Licenciement ou rupture conventionnelle ?
Un licenciement peut-il précéder une rupture conventionnelle ? Et inversement ? La Cour de cassation vient d’apporter des réponses.
Comment analyser la rupture d’un contrat de travail lorsqu’une rupture conventionnelle succède à un licenciement ? Et inversement ? Dans plusieurs arrêts rendus le même jour, la Cour de cassation apporte d’utiles précisions sur les interférences entre rupture conventionnelle et licenciement.
Rupture conventionnelle conclue après un licenciement
Selon la Cour de cassation, un employeur peut licencier un salarié puis conclure avec lui une rupture conventionnelle. À condition, bien sûr, que le consentement du salarié à la rupture conventionnelle soit sans équivoque.
Dans une affaire portée devant les juges, le directeur régional d’une entreprise du bâtiment est licencié pour faute grave en janvier 2009. Un mois plus tard, employeur et salarié concluent une rupture conventionnelle, laquelle est homologuée par l’administration du travail en mars. Souhaitant revenir sur cette rupture, le salarié saisit la juridiction prud’homale. Selon lui, une rupture conventionnelle ne peut intervenir après un licenciement. Mais sa demande est rejetée par les juges. La Cour de cassation pose ce principe dans l’arrêt : «Lorsque le contrat de travail a été rompu par l’exercice par l’une ou l’autre des parties de son droit de résiliation unilatérale, la signature postérieure d’une rupture conventionnelle vaut renonciation commune à la rupture précédemment intervenue».

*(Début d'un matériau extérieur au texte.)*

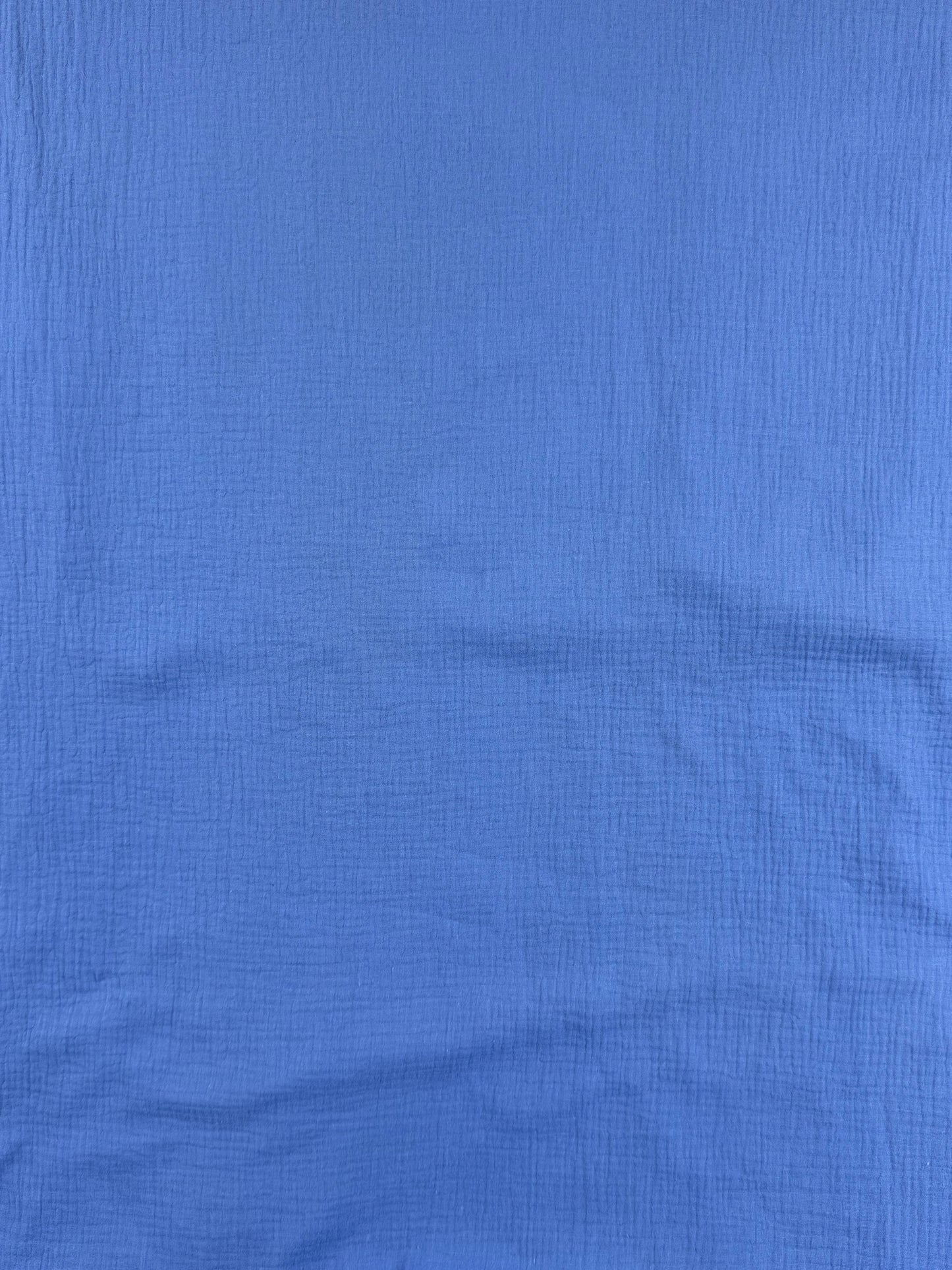Royal Blue Double Gauze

En clair, un licenciement notifié antérieurement à la conclusion d’une rupture conventionnelle ne peut produire aucun effet. Et à la lecture de l’arrêt, la solution serait la même si le salarié avait démissionné. Cette jurisprudence s’inscrit en cohérence avec la règle selon laquelle il est toujours possible, dès lors que l'employeur et le salarié sont d’accord, de revenir sur un licenciement ou une démission. Une condition essentielle, toutefois, déjà évoquée plus haut : le consentement du salarié à la rupture conventionnelle doit être exprimé sans équivoque.

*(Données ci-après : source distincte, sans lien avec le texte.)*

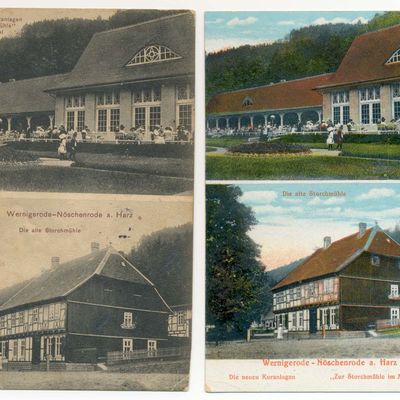 Bild vergrößern: PK_IV_0270 Wernigerode Hotels Storchmühle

Cass. Soc. 3 mars 2015, n° 13-20549, Sté Rector Lesage
Licenciement pour faute notifié après une rupture conventionnelle
Nous sommes ici dans l’hypothèse où salarié et employeur concluent une rupture conventionnelle puis l’un ou l’autre se rétracte. Le droit de rétractation est en effet prévu par la loi et peut être exercé par le salarié ou l'employeur dans un délai de 15 jours à compter de la signature de la convention de rupture (article L. 1237-13 du Code du travail).

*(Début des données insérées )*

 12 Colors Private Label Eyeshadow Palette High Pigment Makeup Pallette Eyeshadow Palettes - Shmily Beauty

Dans le cas où une rupture conventionnelle est annulée par l’exercice de ce droit, l'employeur peut-il immédiatement engager une procédure de licenciement pour motif disciplinaire ? Théoriquement oui, à condition toutefois que les faits mentionnés dans la lettre de licenciement ne soient pas prescrits. Une autre affaire jugée par la Cour de cassation le 3 mars dernier illustre ce cas de figure.
En l’espèce, un salarié engagé en novembre 2009 en qualité de vendeur automobile se voit reprocher par son employeur de nombreuses absences injustifiées. Un an après son embauche, une rupture conventionnelle est conclue. Mais le salarié change d’avis et exerce son droit de rétractation dans le délai prévu par la loi. Il est alors convoqué à un entretien préalable au licenciement, puis licencié pour absences non autorisées. Le salarié conteste son licenciement et saisit les prud’hommes. Il gagne son procès en appel puis devant la Cour de cassation : les fautes invoquées à l’appui du licenciement étaient prescrites en application de l’article L. 1332-4 du Code du travail.
Pour mémoire, cet article fixe un délai de deux mois au terme duquel l'employeur ne peut plus sanctionner les fautes commises par un salarié. Or, dans notre affaire, la dernière absence reprochée au salarié remontait au 11 septembre 2010 alors que la convocation à l’entretien préalable était datée du 16 novembre 2010. La signature d’une rupture conventionnelle avait-elle pour effet d’interrompre le délai de prescription ? La Cour de cassation répond par la négative : «La signature par les parties d’une rupture conventionnelle ne constitue pas un acte interruptif de la prescription prévue par l’article L.1332-4 du Code du travail.»
La rupture conventionnelle n’ayant pas interrompu le délai des deux mois, il y a donc eu prescription des fautes reprochées au salarié. Conséquence : le licenciement est sans cause réelle et sérieuse.